Das hier präsentierte Manual wurde im Rahmen einer Psychotherapiestudie zum Vergleich von Hypnotherapie mit Kognitiver Verhaltenstherapie systematisch zusammengestellt. Das RCT wurde durchgeführt, um zeigen zu können, dass HT im Vergleich zu einem anderen psychotherapeutischen Verfahren bezogen auf die Reduktion der depressiven Symptomatik nicht unterlegen ist. Gewählt wurde der Vergleich mit der KVT, die in den aktuellen Behandlungsleitlinien mit der höchsten Evidenz empfohlen wird. Die Studie wurde zwischen 2014 und 2018 am Universitätsklinikum Tübingen durchgeführt und finanziell von der Milton Erickson Gesellschaft (MEG) unterstützt. Verschiedene Hypnotherapeuten der MEG haben für die Anwendung in der Studie das hier präsentierte Manual als eine Sammlung verschiedener therapeutischer Strategien aus dem Bereich der hypnotherapeutischen Arbeit zusammengestellt.

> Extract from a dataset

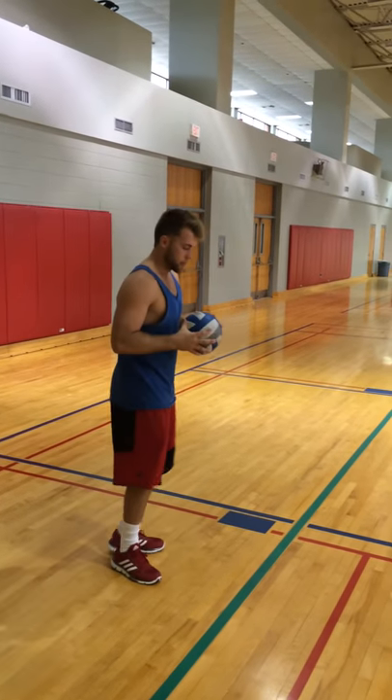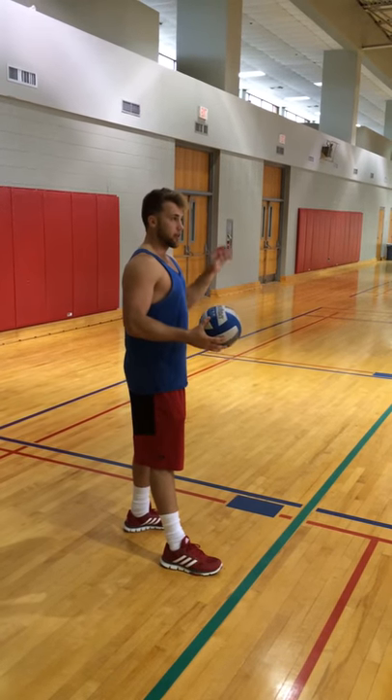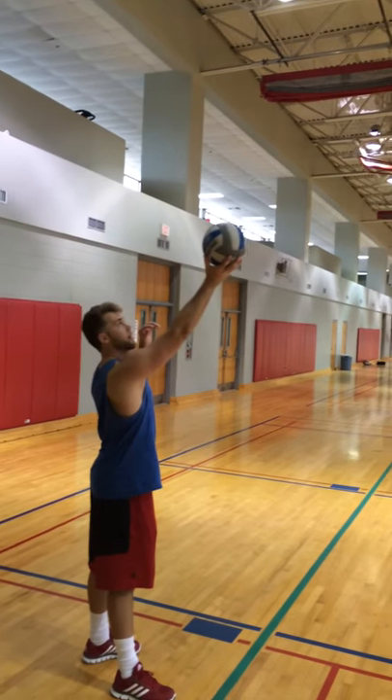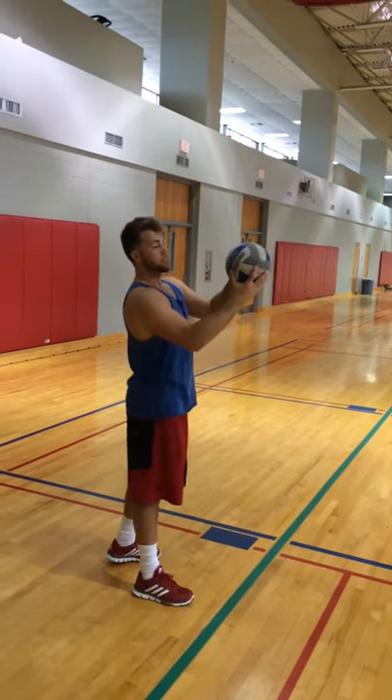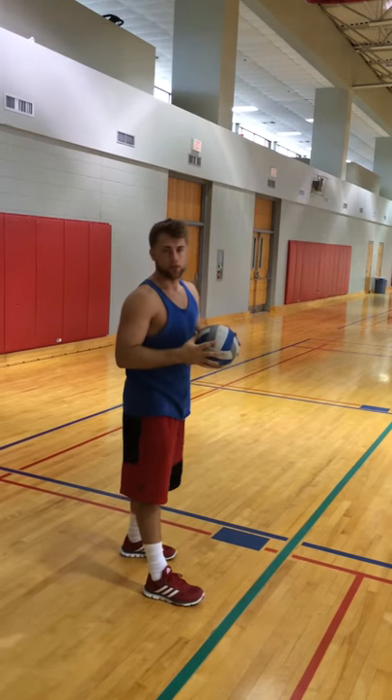What you want to do is get your non-dominant foot in the front so that your dominant hand is in the back. You want to throw it up — not too high, but right here, a little above your head. You want to slide the ball like you're giving a hard high five. So I'm going to demonstrate the floater serve.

Neu an dem Manual ist, dass die verschiedenen hypnotherapeutischen Module in ein strukturbezogenes Modell der Hypnotherapie ( Kap. 3) eingebettet sind.
In der Studie wurden insgesamt 152 Patienten mit aktueller leichter oder mittelgradiger depressiver Episode (basierend auf den Empfehlungen der Versorgungsleitlinie) jeweils zur Hälfte einer Behandlung mit HT oder KVT randomisiert zugewiesen. Die Dauer der ambulanten Einzelbehandlung beinhaltete jeweils bis zu 20 Sitzungen in einem Zeitraum von 24 Wochen. Nach Ende der psychotherapeutischen Behandlung mit HT oder KVT sowie sechs und zwölf Monate später wurden alle Teilnehmer bezüglich ihrer Symptomatik – durch für die Studienbedingung blinde Diagnostiker – nachbefragt. Die Teilnahme an der Studie war mit der 12-Monats-Katamnese für die Patienten nach insgesamt anderthalb Jahren beendet (für den Studienablauf siehe Fuhr et al. 2017).
Im Rahmen der durchgeführten Studie konnte gezeigt werden, dass die HT der KVT nicht unterlegen war (Fuhr et al. 2019).